To do: In the entries below, find the line with "Hannah Kemp Moody Ocean Rectangular Tray" and the line with "Cosmos Co Ghassoul Clay Powder (200 g)"; copy them and every line between them exactly, but not the pictures.

━━━━━ Supplied data

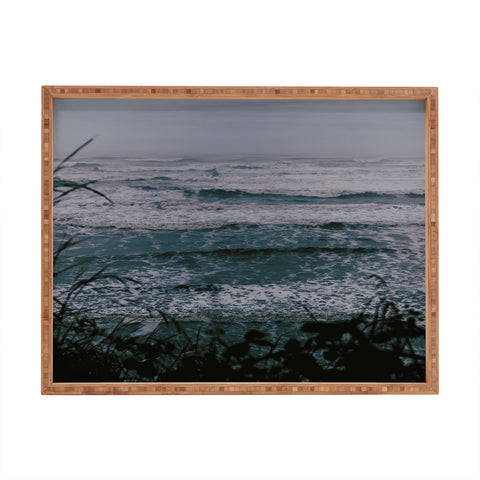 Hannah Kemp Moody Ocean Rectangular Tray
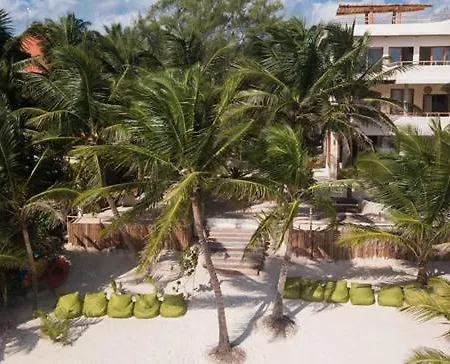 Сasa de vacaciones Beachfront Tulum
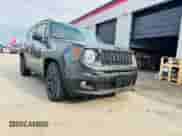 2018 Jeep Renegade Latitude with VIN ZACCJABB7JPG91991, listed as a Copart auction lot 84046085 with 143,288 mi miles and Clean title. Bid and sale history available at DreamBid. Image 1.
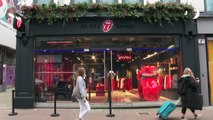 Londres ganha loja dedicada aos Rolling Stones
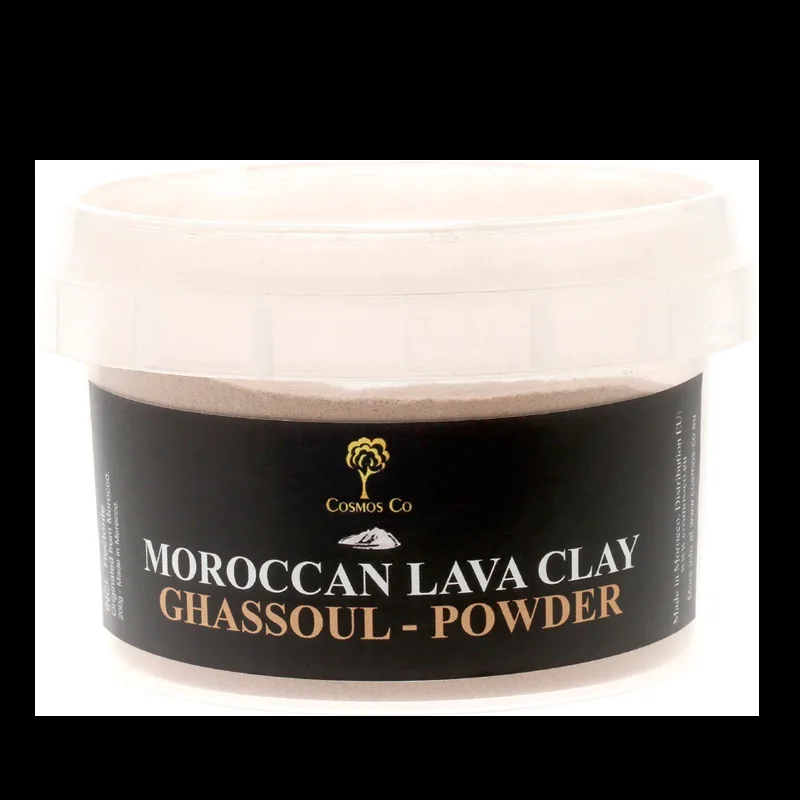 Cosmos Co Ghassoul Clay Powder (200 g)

━━━━━━━━━━
━━━━━ Supplied data

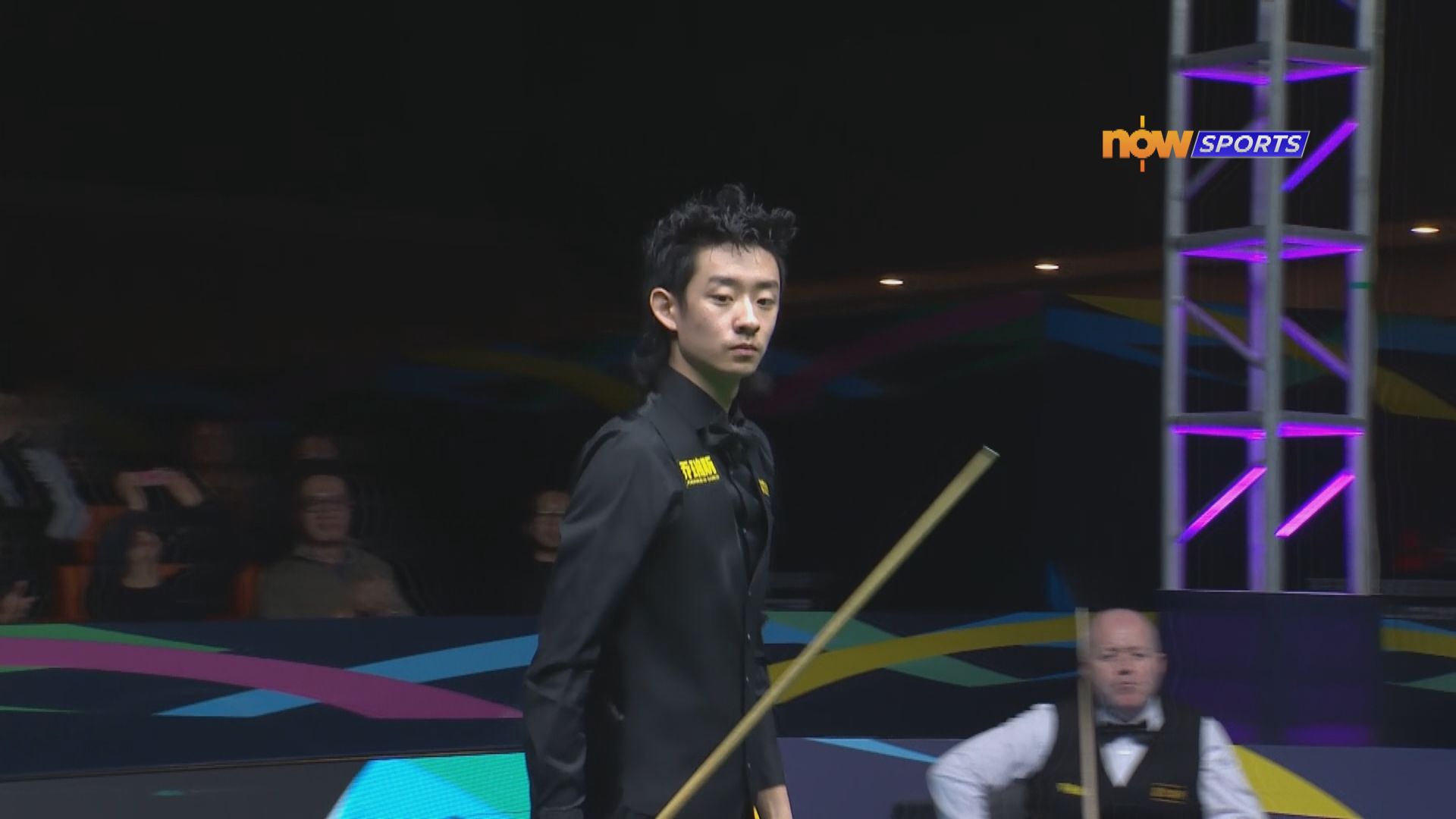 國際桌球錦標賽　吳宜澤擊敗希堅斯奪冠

━━━━━━━━━━
━━━━━ Supplied data

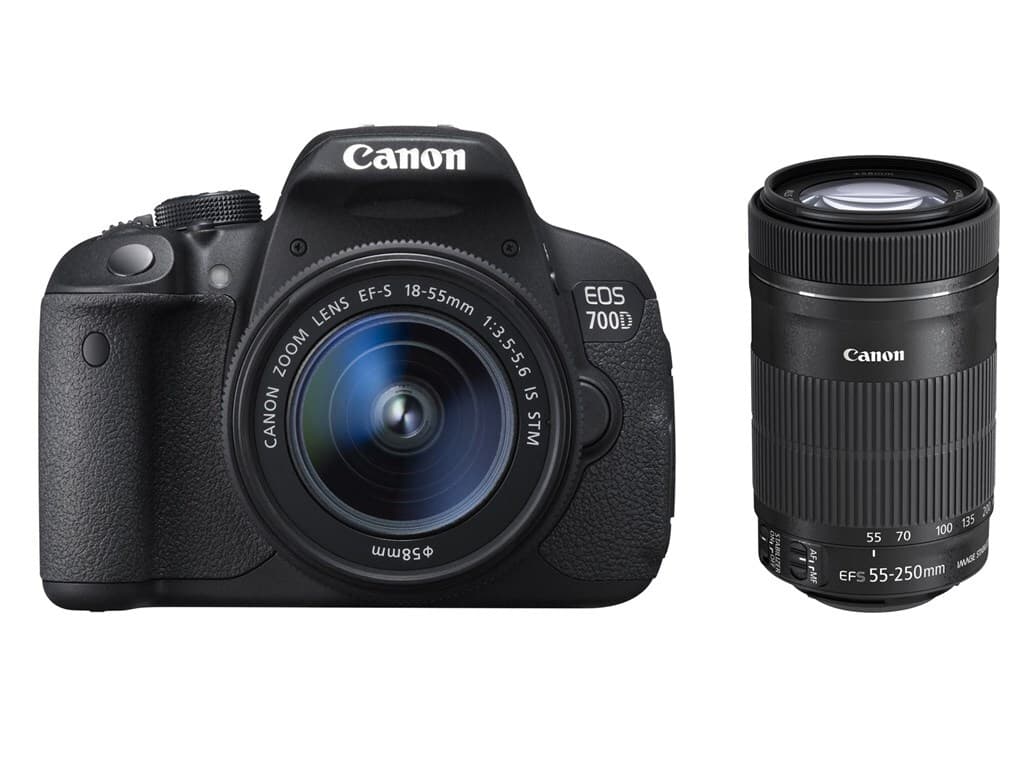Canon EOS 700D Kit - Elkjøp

━━━━━━━━━━

Completed exercise:
 Hannah Kemp Moody Ocean Rectangular Tray
 Сasa de vacaciones Beachfront Tulum
 2018 Jeep Renegade Latitude with VIN ZACCJABB7JPG91991, listed as a Copart auction lot 84046085 with 143,288 mi miles and Clean title. Bid and sale history available at DreamBid. Image 1.
 Londres ganha loja dedicada aos Rolling Stones
 Cosmos Co Ghassoul Clay Powder (200 g)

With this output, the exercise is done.